Professor Kliq (Mike Else), a 22 year old native of Illinois, does a good job of dismissing my assumptions about music which makes claims of progressiveness for itself although he doesn’t quite do a complete job of it. This is an album of… well, it fits a fair few different and relatively anonymous categories (Jamendo classes it under Trip-Hop, Breakbeat, Ambient, Electro and Dance) but personally I’d say ‘Ambient with spikes and a Hip Hop flavour’ and it does what it does well. You can easily have this stuff playing in the background of your life as a serene back beat to whatever else is going on but every now and then you get one of those aforementioned spikes appearing and it’s hard to say whether that’s a bad thing or not. The flourishes do distinguish this album from a lot of other music with the same apparent goals but they also force you to really listen when you’re perhaps not all that enthusiastic about doing so, a mood is built up with some solid production and suddenly you’ll find yourself being dragged back to devoting yourself to the music. Again, not necessarily a bad thing but it gives the whole thing a rather contrary feel to it, both ambient chillout noise and interesting but demanding experimental stuff. Although it should be said that these little oddities are no bad thing in themselves, they’re certainly on the right side of playing with sounds as opposed to the wrong side of pointless pretension.
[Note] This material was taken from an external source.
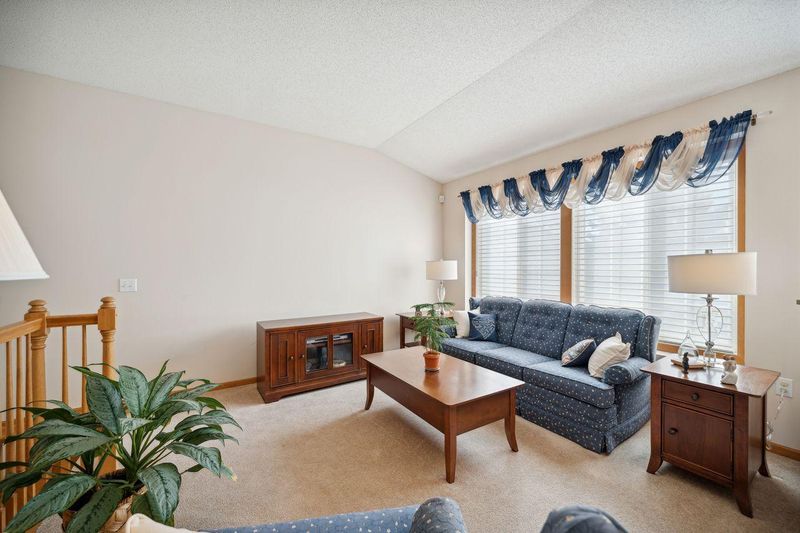 15651 Flackwood Way, Apple Valley, MN 55124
Looking for something to compare Professor Kliq’s work to is a bit of a challenge too, Kool Keith doing his Doc Octagon bit or the Deltron 3030 project both seem like fair associations to make but without being true Hip Hop a gap forms, especially as Kliq pushes his experimental side beyond that which those natural peers managed (or aspired to) themselves and there’s a lot of praise contained in that. I’ll try not to get too carried away with praising this album for its differences thought because whilst there’s some truly interesting stuff contained here the end result doesn’t prove it to be something unique or new, there are traces of something here, something which Professor Kliq has got a lot of time to build into something bigger but for now those traces have yet to elevate themselves to a new level.
Anyways, give it a try, you’re unlikely to regret it.